I read with interest Liberty Island contributor Audie Cocking’s essay about her family history with gun ownership, and the tragic death of her friend. The piece resonated because mine is a similar history, and the takeaways from both the essay and my experience reinforce two core truths about gun ownership and the Second Amendment.

Thankfully, no person close to me has ever been hurt by a firearm. But the closest I ever came served as a wake-up call to the possibility. My young adult daughter was waiting at a bus stop in a dicey Portland neighborhood one weekend night because a transfer route was the only route in service that late from her job.

Two youths drove up and the one in the passenger seat leveled a handgun at her. These reprobates were probably just trying to scare her, but she came home crying, saying she’d honestly thought she was going to die that night.

I was alarmed, wanted to notify the police, but my daughter adamantly and emotionally didn’t want me to do that — I’m still not sure why and it upsets her to ask about it.

What I am sure of, what I have always been sure of, is that I have never blamed the gun or access to guns for gun violence. My sense is that anyone (given the neighborhood they were probably gangbangers) who would cowardly frighten a young woman like that would likely be the kind of individuals that would find a way to get a gun even in the most restrictive environment.

I grew up in a home where guns were an almost daily fact of life. A family whose patriarchal grandfather had a massive bear rug — taxidermist-preserved head included — mounted on his living room wall. I have early memories of a stag deer hung in the garage, taken on my father’s favorite hunting ground, public lands outside Yosemite National Park. The venison ended up in the freezer and made the occasional dinner for months.

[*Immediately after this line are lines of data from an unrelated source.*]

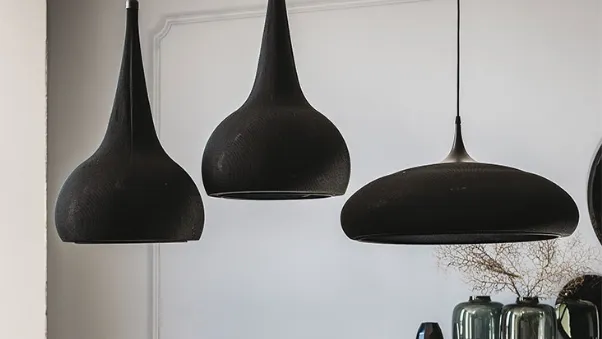 Lampada a sospensione con rivestimento in maglia Byblos di Cattelan Italia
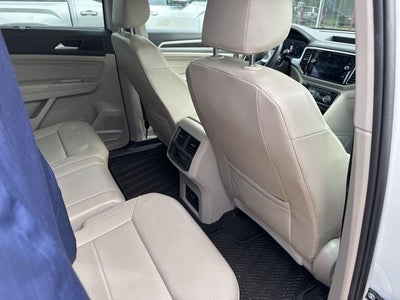 2022 Volkswagen Atlas 3.6L V6 SE w/Technology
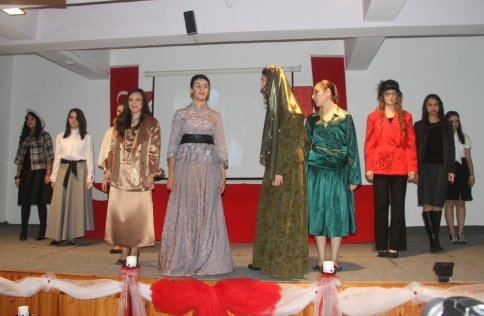 Halk Eğitim Merkezinde Öğretmenler Günü Kutlandı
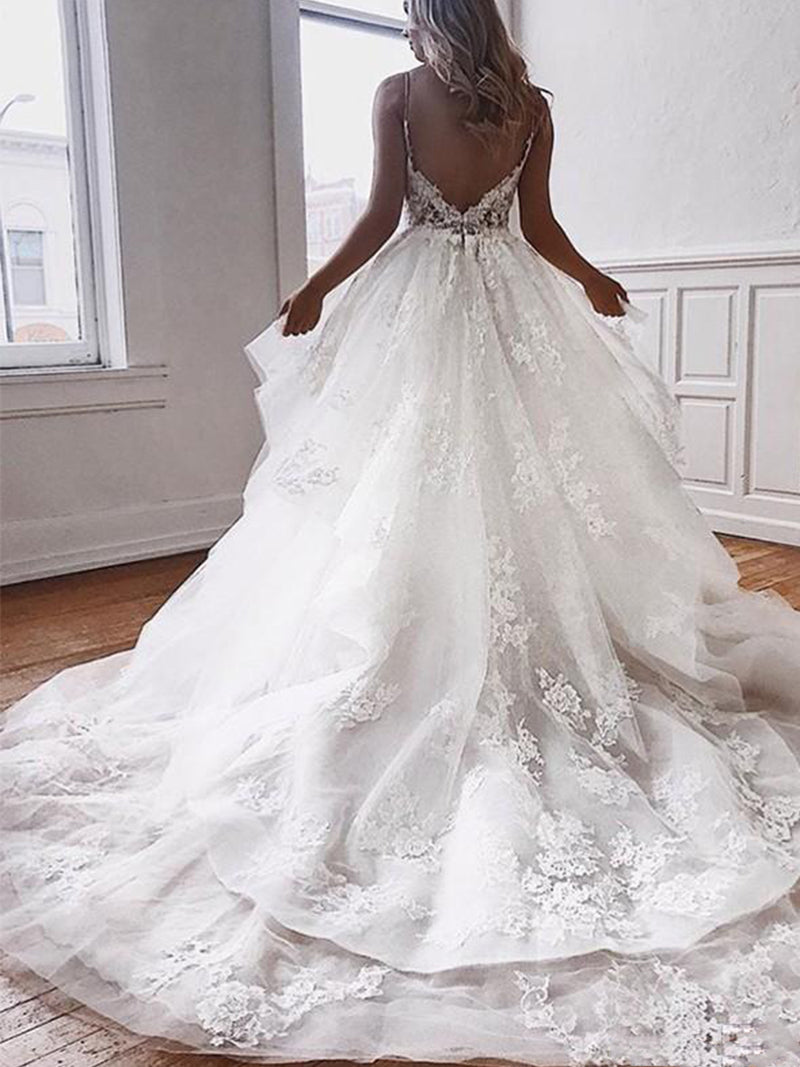 Romantic Tulle Spaghetti Strap Lace Appliques Wedding Dress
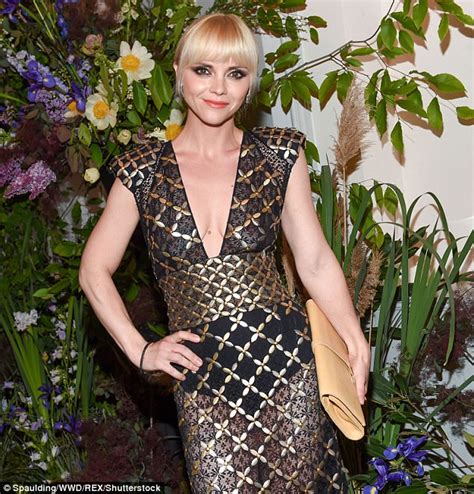 Christina Ricci Flaunts Cleavage In Embellished Dress Daily Mail Online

As a youngster I’ve laid low in cold duck blinds and accompanied my father on quiet walks in forests all over the West Coast. I’ve been left to hunker down when my father needed to stalk alone.  I’ve plucked the feathers off ducks from wetlands near Tracy, California, and picked through all manner of roasted wildfowl looking for embedded buckshot. Dad, a Casper, Wyoming native, eventually tired of rifle hunting, turned to bowhunting, and brought down a twelve-point stag for the taxidermist.

It wasn’t just hunting. As my father begin climbing the ladder of success in the grocery business, his first assignment as a Safeway store manager was an ancient old market in West Oakland. Thereafter, a .38 Magnum police revolver was under the driver’s side seat of our Buick. My mother didn’t hunt, as a full-time mom she gathered and cooked, but with Dad gone for long stretches, she knew how to handle a pistol.

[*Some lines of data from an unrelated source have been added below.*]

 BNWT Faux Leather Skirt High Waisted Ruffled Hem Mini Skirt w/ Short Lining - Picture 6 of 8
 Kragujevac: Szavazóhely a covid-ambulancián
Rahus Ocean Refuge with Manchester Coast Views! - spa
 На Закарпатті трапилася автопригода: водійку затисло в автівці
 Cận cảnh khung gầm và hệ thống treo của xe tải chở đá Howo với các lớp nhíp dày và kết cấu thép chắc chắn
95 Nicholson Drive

More drawn to arts and culture (not that you can’t be drawn to both) I wasn’t interested in sports shooting or hunting as an adult, but the firearms safety and training classes I’d taken made me confident—should the need arise—in my ability to protect my own home in urban Bay Area neighborhoods.  The NRA stickers on several exterior windows to this day will hopefully dissuade criminals and prevent me ever having to use my gun for home protection.

Past achieved confluence with present in m my 31-year-old son, a crack shot with multiple types of firearms.

So, like Ms. Cockings, I learned from a very early age through adulthood to be safe with guns, and comfortable around responsible gun owners and their firearms.

President Kennedy’s assassination in Nov. 1963 was the first dark coloration of my perception of firearms—I blamed loathsome Commie sympathizer Oswald, not his rifle. Then, in 1966, Whitman went up in a University of Texas tower and killed fourteen. James Earl Ray’s cowardly assassination of Martin Luther King in 1968 was a shocker, and then, only short months later, the assassination of presidential candidate Robert Kennedy and the vile countenance of Sirhan Sirhan.

As Dylan sang, the times indeed seemed to be changing, societally and culturally. These acts had a profound effect on me as a teen, but never, I can honestly say never for a split second, did I blame the guns. Likely due to my lifetime exposure to the responsible utilization of firearms, the idea that the weapon was responsible, and that the solution might be to confiscate or restrict them, never crossed my mind.

Finally, the ultimate cultural deathblow, John Lennon, and the execrable excuse for a human being known as Mark David Chapman. It was 1980 and the progressive ideological drumbeat that the guns themselves were the problem began in earnest.

In the cases mentioned above, I believe that each of these killers would have gotten their hands on a handgun or rifle and carried out their heinous acts. So too with the contemporary perpetrators of horrific mass shootings and tragic loss of life that have gripped the national consciousness and rent the fabric of civil society.

The answer is not to enact slippery-slope laws and restrictions that hamper men like my grandfather, father, and son from exercising their Second Amendment rights.

After decades of witnessing the most horrific gun violence possible, and while I believe there are steps that can be taken to minimize these incidences, my position on the gun rights issue is fundamentally unchanged, and can be summed up by two foundational beliefs:

Exposure to responsible gun ownership from an early age makes one less likely to blame a firearm for the violent acts committed with firearms.

A sincere belief in the old cliché: if guns are outlawed only outlaws will have guns.